● **Exercise brief**
Each line containing the string "with" should be copied out of the entries.

● **Provided entries**

——————

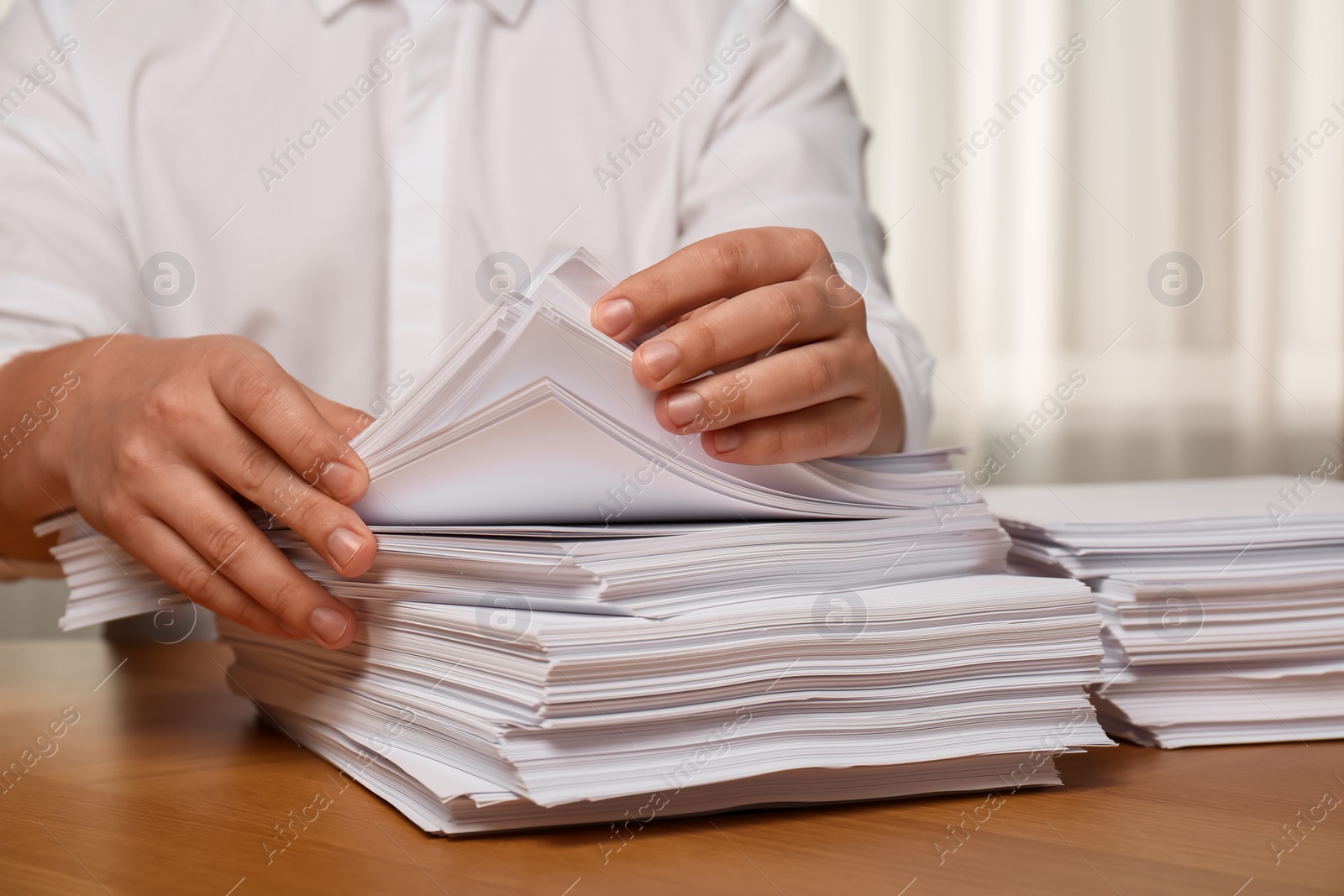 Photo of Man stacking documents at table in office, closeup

——————

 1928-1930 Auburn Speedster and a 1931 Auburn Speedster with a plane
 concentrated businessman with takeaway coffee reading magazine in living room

——————

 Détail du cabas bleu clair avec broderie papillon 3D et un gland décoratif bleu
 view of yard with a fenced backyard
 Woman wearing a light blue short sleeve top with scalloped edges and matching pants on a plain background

——————

● **Response to the task**
 1928-1930 Auburn Speedster and a 1931 Auburn Speedster with a plane
 concentrated businessman with takeaway coffee reading magazine in living room
 view of yard with a fenced backyard
 Woman wearing a light blue short sleeve top with scalloped edges and matching pants on a plain background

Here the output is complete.